As parents of three children, including two teenagers, we know the challenges that come along with raising future adults. Fluctuating social circles, first-time romances, bullying, and all kinds of outside influences can make this time in their lives full of challenges. The values, morals, and education we instill in our children, especially during their middle school years, will have a significant impact on the adults they grow up to be. In fact, research shows that “sixth graders who receive a failing grade in math or language arts, have an attendance rate of less than 85 percent or have one unsatisfactory behavior grade in a core course only have a 15-25 percent likelihood of graduating on time.” (Middle School Matters)
The stakes are high in the early teen years, but as parents, you can be your child’s biggest advocate, cheerleader, accountability partner, and even phone confiscator. Here are four ways to help your young teen not just survive middle school, but thrive and grow up to be a well-rounded, compassionate and successful adult.
- Challenge Your Teen
Whether it’s basketball, art, piano, faith, volunteering, or another interest, encourage your middle schooler to try different activities. Get your kid out of their comfort zone and find opportunities to stretch themselves. Enroll in an unexpected elective. Try a new sport or take an art class. All three of our children attend Ohio Virtual Academy (OHVA). OHVA has a rich, well-rounded curriculum, and attending public school at home also allows our teens to take college classes at Ohio Christian University. Giving them exposure to a college environment in their early teens further challenges them to develop new skills and grow academically and socially.
- Set Goals
In addition to trying new things, encourage your child to flourish with whatever they already enjoy or are good at. This will provide them a structured way to develop their passions while having fun. Goal setting is a critical life skill. Middle school is the perfect time to teach and develop this skill. Whether in life, academics, career, or faith, working with your teen to set and reach achievable goals allows them to focus on what’s important – being a good friend, student, and citizen. When they reach their goals, they will start to develop confidence in who they are and what they can achieve!
- Give Back
Giving back to our community is dear to our hearts and part of our faith. We hope to instill these values in our children. Since kindergarten, our children have volunteered at a local nursing home. They write holiday cards for veterans, serve meals, and participate in toy drives. Giving back helps remind teens that there are others out there who are less fortunate than we are, gives them a sense of purpose, and can help them develop critical leadership skills they can use throughout their lives. Giving back may even help children struggling with depression and suicidal thoughts.
- Be All In
Whether your child attends an online school like OHVA, a blended learning environment, or a traditional brick-and-mortar school, helping him or her achieve success takes discipline. It is a lifestyle. You can’t be partially engaged, you can’t do it halfway. You are all in. This is especially true in middle school when teens are becoming more independent but are still developing critical life skills like positive study habits, managing their sleep schedules and coping with stressful situations. As parents, we need to provide them with structure so they can successfully navigate this time in their life.
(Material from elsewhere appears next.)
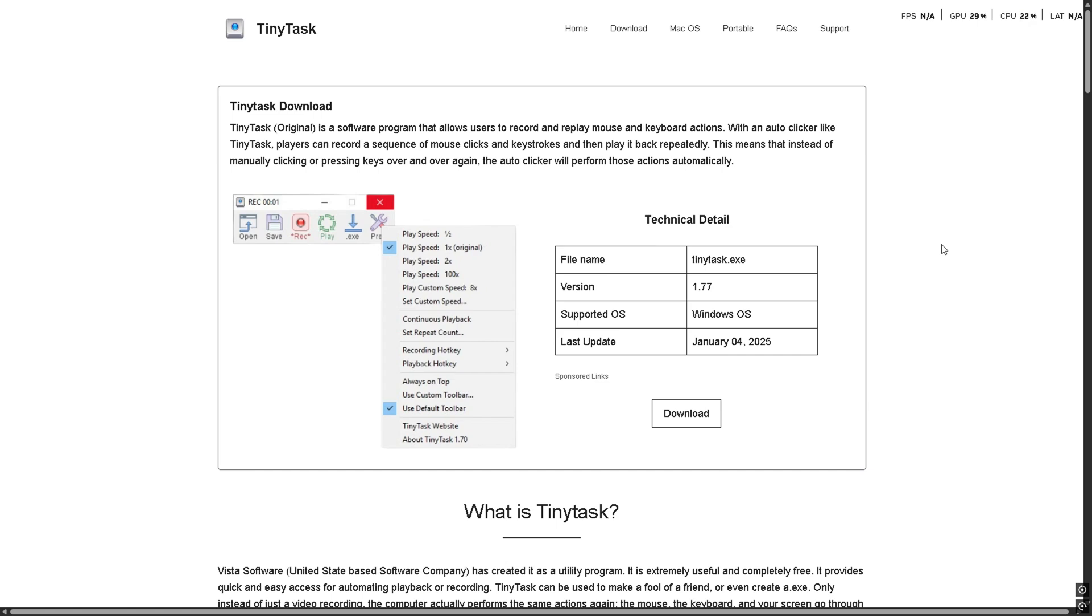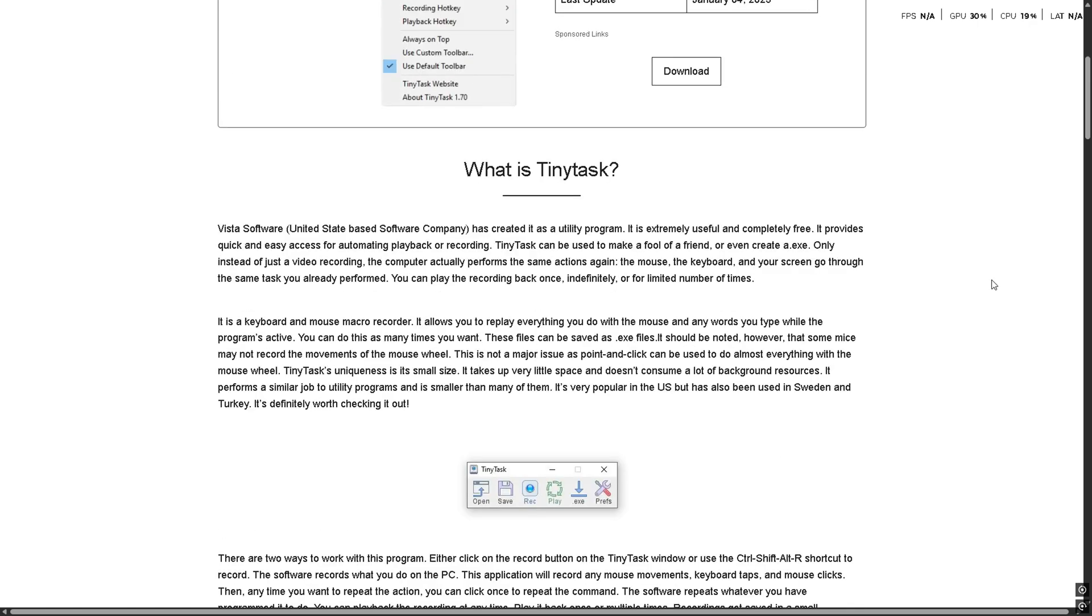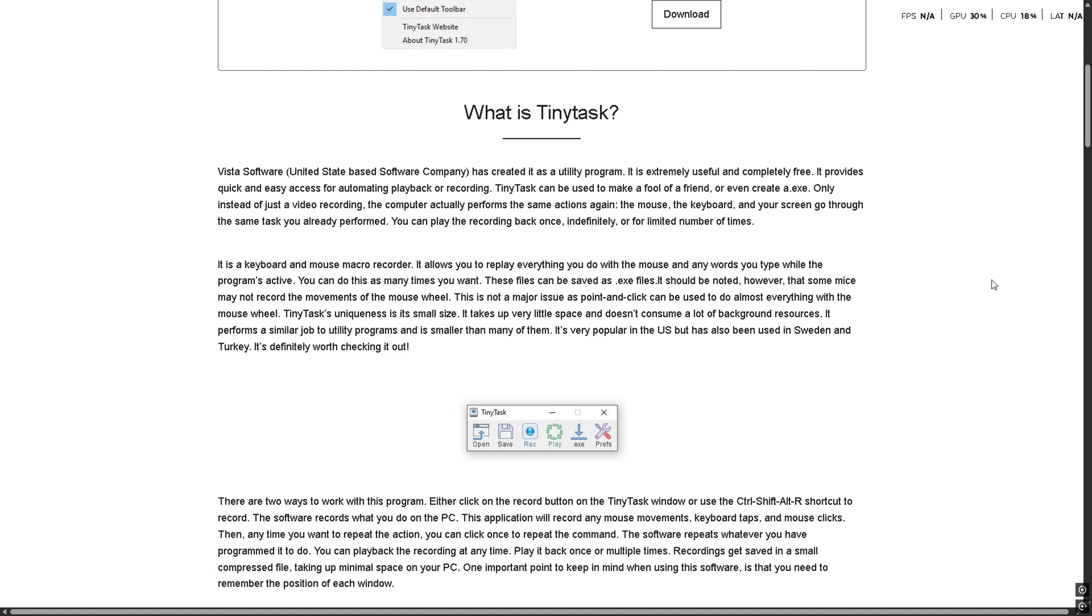In this video I'll be reviewing TinyTask. I've been using TinyTask for a while now and it's honestly one of the simplest automation tools out there, and I mean that in a good way.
Being all in also means being committed to growth as a parent. There is no such thing as a perfect parent, but there are parental strategies that are better than others. We don’t know what we don’t know, therefore we should commit ourselves to reading (or listening) to books on parenting. If we don’t want our children to learn everything the hard way, but to learn from our experience, then we should set the example and learn from the experience of others.
Teens are surrounded by outside influences, both negative and positive. As parents, it is our job to be their support system and the biggest positive influence in their lives. By following these four simple steps, you can keep your teen on track to success in middle and high school, college, and beyond.
About Cassandra and Jamar Haynes-Lee
Cassandra and Jamar Haynes-Lee are parents of three children, Judah, Jael and Jedidiah. They reside in the Columbus area, where the children attend public school and the family enjoys spending time together volunteering, attending church, and giving back to their community.